В этой же перспективе отец Кольвентах разъясняет таинственное выражение Павла «облечься во Христа»: облечься во Христа — это и есть процесс нашего отождествления со словом веры, внутренняя живая ассимиляция этого слова, которое таким образом становится нашим собственным, потому что мы сообразовали себя с ним.
Практически это означает, что при изучении богословия интеллектуальный аспект неотделим от духовного. То, что в этом мире есть Слово Божие, которое доступно для меня, то, что Бог сказал и говорит нам нечто, — вот самая поразительная новость, какую только можно себе вообразить. Но привычка слишком притупила нашу восприимчивость, чтобы мы могли прочувствовать то, что есть в этой новости совершенно неслыханного. Недавно я вспомнил маленькую историю, которую Хельмут Тилике рассказывает в своих воспоминаниях. Два студента-филолога, никогда не получавшие никакого религиозного воспитания, оказались слушателями одной из его проповедей в Гамбурге. Больше всего их потрясло совместное чтение «Отче наш», текста которого они до сих пор не знали. Но поскольку все прочие явно знали его, они не решились ни о чем спросить, а попытались найти его сами. Их поиски в муниципальной библиотеке не увенчались успехом. Даже в библиотеке богословского факультета текст отыскать им не удалось. Все это начинало казаться все более и более загадочным, пока, наконец, им не пришло в голову записать «Отче наш» во время радиотрансляции Мессы... «Наконец-то мы достали текст "Отче наш"», — так заканчивают свой рассказ эти студенты о своих долгих и кропотливых поисках молитвы Господней.

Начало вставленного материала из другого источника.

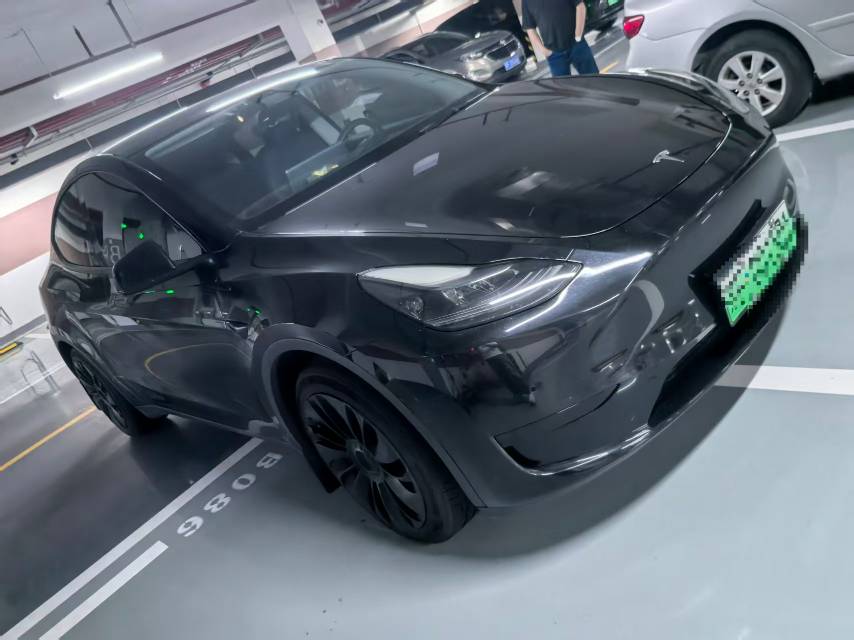 Tesla Model Y 2022 #2 Tesla Model Y 2022 car image #2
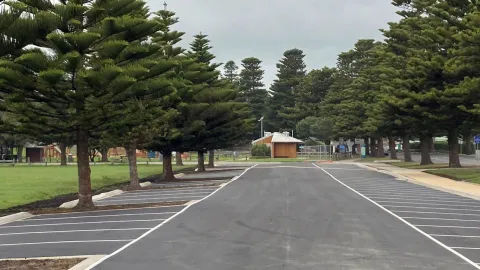 Lake Pertobe car park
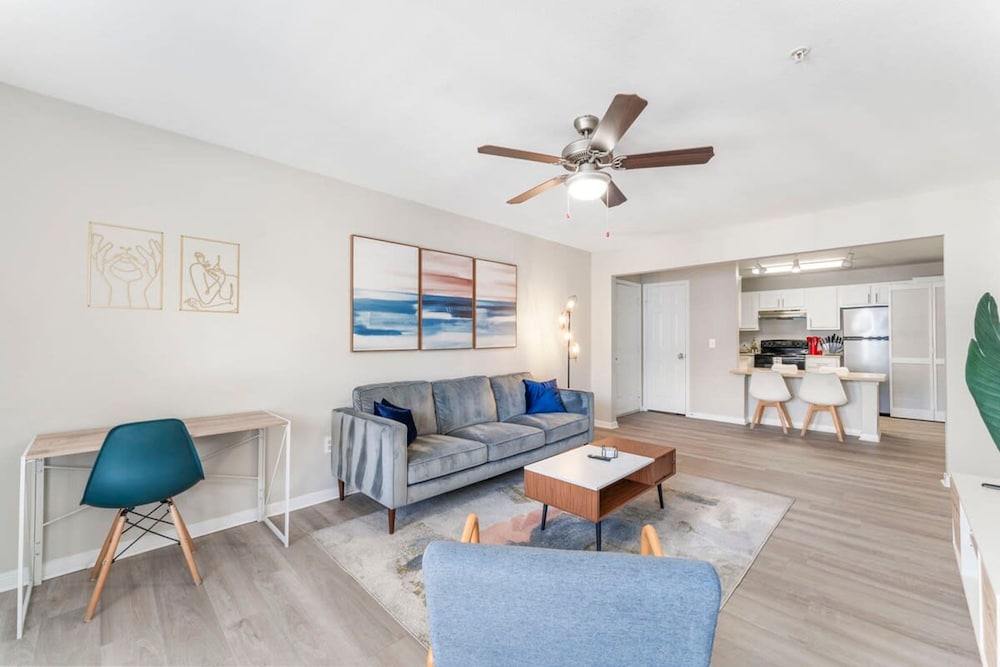 Ideal 2BR King Suite w Gym Pool Close to Downtown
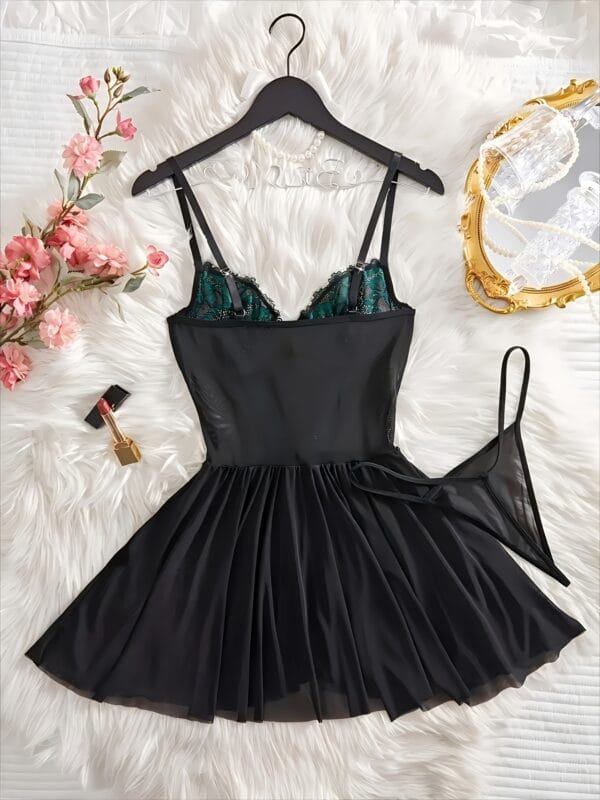 Chemise de nuit sexy semi-transparente en dentelle bicolore contrastante, col en V, dos nu, ceinture réglable, robe à bretelles transparente, vêtement de détente à maintien moyen avec tissu doux et léger créant une atmosphère confortable et romantique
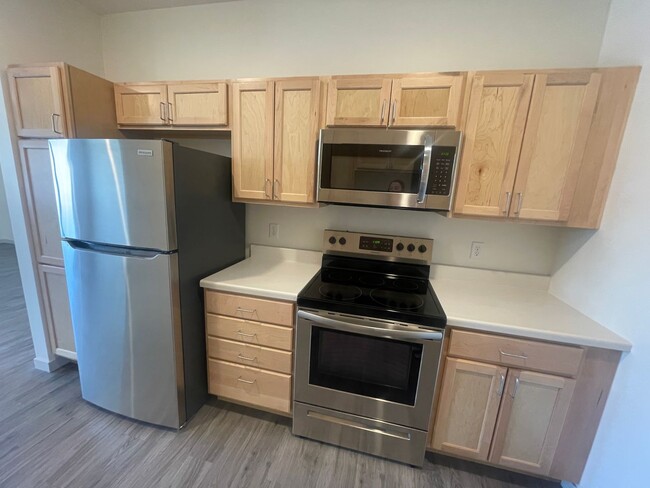 Building Photo - Two-Bedroom Unit at Tiller+Main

Впрочем, вся эта история закончилась их обращением в католическую веру. Так в наше время вновь повторяется то, что Господь сказал о вере язычников: «И в Израиле не нашел Я такой веры» (Мф 8,10).
В самой природе призвания к священству — признать поразительную близость Слова Божия во всей его захватывающей красоте и всеми силами отдаться служению этому Слову. Поэтому мы не должны отступать ни перед каким усилием ради познания и признания Слова Божия. Если стоит выучить итальянский ради того, чтобы читать в оригинале Данте, насколько же более само собой разумеющимся должны мы считать овладение оригинальными языками Писания. Любое серьезное историческое исследование естественным образом является частью нашего вхождения в Слово Божие. Путь, ведущий к священству, не может обойтись без дисциплины разума, без дисциплины методического труда. Тот, кто любит, стремится познавать. Никогда ему не будет достаточно того, что он знает о любимом. Поэтому усердие, приложенное к познанию, — это внутреннее требование любви.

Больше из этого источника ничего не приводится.